Eternal Gray - Your Gods, My Enemies
(2011) - death metal - Label : Season Of Mist



Quand j’écoute un nouveau groupe, mon premier réflexe est de se renseigner sur ledit groupe. Aucune dérogation à la règle possible, je fonce donc consulter la page wikipedia de Eternal Gray. Tiens, du death israélien ? Marrant, je savais pas qu’ils faisaient du death, là bas… Il serait même considéré comme le groupe metallique le plus connu d’Israël avec Orphaned Land, rien que ça. Serait-ce un énième groupe qui mélange musique traditionnelle de son pays avec du death ? Raté !

Ne prêtez pas attention au mal de crâne qui vous suivra après le première écoute. Quelques aspirines et vous serez repartis, tout frais. Car déjà, rien qu’à la deuxième écoute, le son se fait beaucoup moins violent. La distorsion se fait plus propre, et les lignes mélodiques s’affirment pour des breaks ambiants du plus bel effet. C’est par deux aspects très différents que cet album séduit. Le premier est son groove imparable. Essayez donc de ne pas bouger la tête sur le riff très Meshuggesque de "Inner Anger" ! Rien de tel pour commencer sa journée. Le rythme effréné de "Black Prophecy" vous arrachera les tripes, et vous, bande d’inconscients, vous en redemanderez… Et vous avez bien raison !
Vous pourrez après vous délecter des chansons plus ambiantes comme "Never Waits" ou "Lost Control", thème fin du monde / fuyez pour vos vies ou le rouleau compresseur finira par vous écraser.

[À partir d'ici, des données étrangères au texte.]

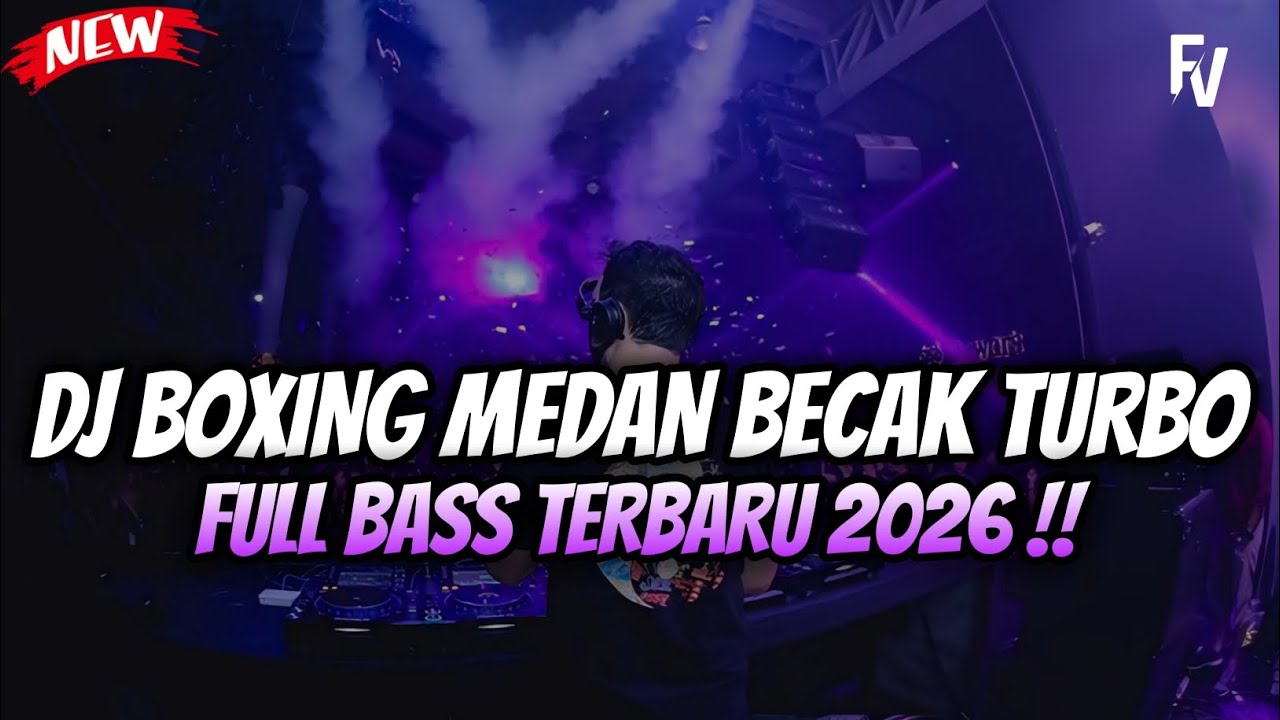 DJ BOXING MEDAN BECAK TURBO FULL BASS TERBARU 2026 !! DJ BOXING MEDAN BECAK TURBO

Remarquez, ce riff vous rend tellement dépressif que ce n’est pas si grave. Bref, l’idée générale est lancée, à vous de vous faire votre propre opinion. Néanmoins on observera quelques riffs dans un style plus dissonants qui laissent toujours un peu froid. Dans le genre, "Desolate the Weak" remplit très bien son rôle. T’as aimé les trois premières chansons ? Attends voir, je m’en vais te refroidir d’un coup. Et malheureusement, cet album est parsemé de chansons comme celle-ci, placées à des endroits stratégiques, comme pour rappeler que cet album a quand même des défauts. Dommage.

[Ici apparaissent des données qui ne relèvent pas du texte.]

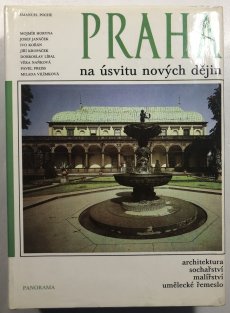 Praha na úsvitu nových dějin (čtvero knih o Praze)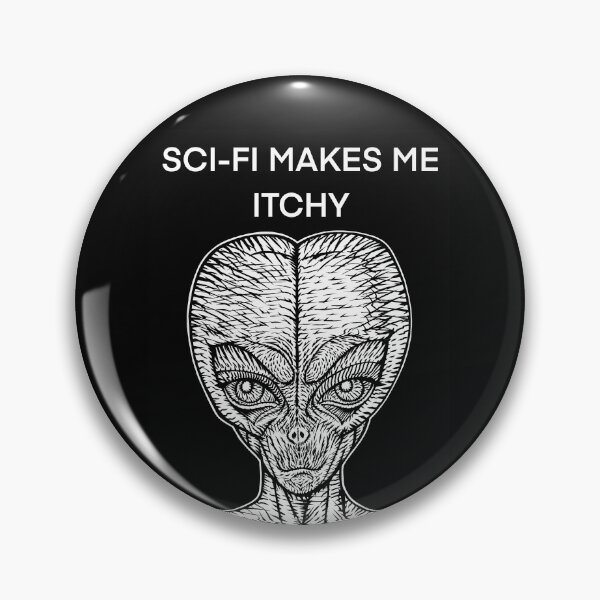 Item preview, SCI-FI MAKES ME ITCHY - the alien words .1 designed and sold by lautir.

Petit point instrumental : le chant est on ne peut plus typique, donc pas très intéressant (d’autant plus que les paroles sont incompréhensibles, mais ça on s’y attendait). Une disto bien proprette, comme on l’aime, se partage la première ligne avec le son clair très réussi, qui va très bien avec l’ambiance apocalyptique du disque. Les soli sont très peu présents, et c’est bien dommage car celui de la chanson éponyme est impressionnant. La basse est inexistante, et la batterie est parfaitement tenue, bien qu’on finisse par se lasser un peu de l’alternance blast beat (d’une précision chirurgicale je dois l’avouer) pour les couplets / roulement de grosse caisse pour les refrains. La production est très réussie, grâce à un son très clean, et une bonne balance. La durée (à peine 40 minutes) permet de s’enfiler le skeud d’une traite, et ça c’est cool !

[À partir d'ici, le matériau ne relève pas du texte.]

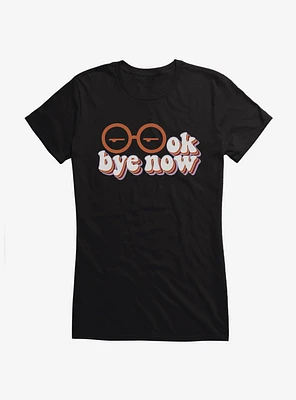 Daria Ok Bye Now Groovy Font Girls T-Shirt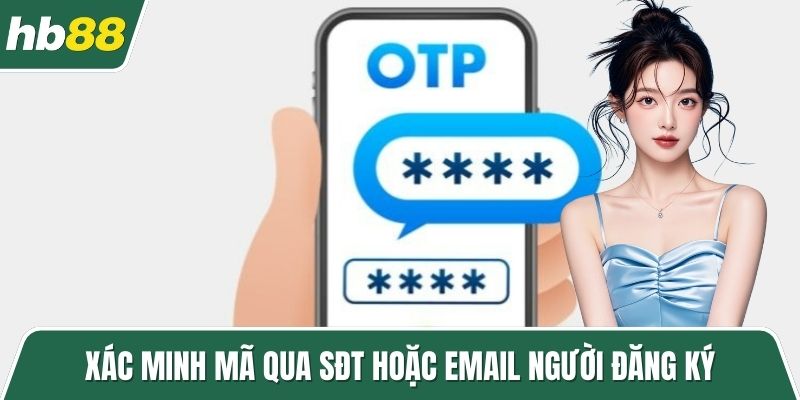Xác minh mã qua SĐT hoặc email người đăng ký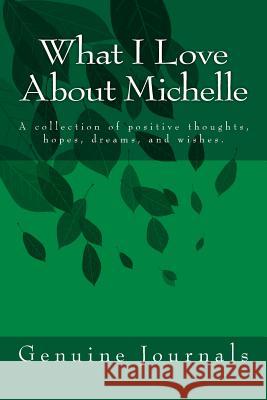 What I Love About Michelle: A collection of positive thoughts, hopes, dreams, and wishes. Journals, Genuine 9781502711663 Createspace - książka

En bref, un album réussi ,dans la bonne moyenne, qui permet de passer un bon moment même s’il ne révolutionne rien du tout, faut pas rêver. C’est justement bien le problème, l’écoute se passe bien, il n’y a aucun problème apparent, mais quand même, il manque un truc. Cette petite étincelle qui rend un album magique et unique en son genre. Malgré tout, on s’en prend plein la tronche et on en redemande, et c’est ce qui compte.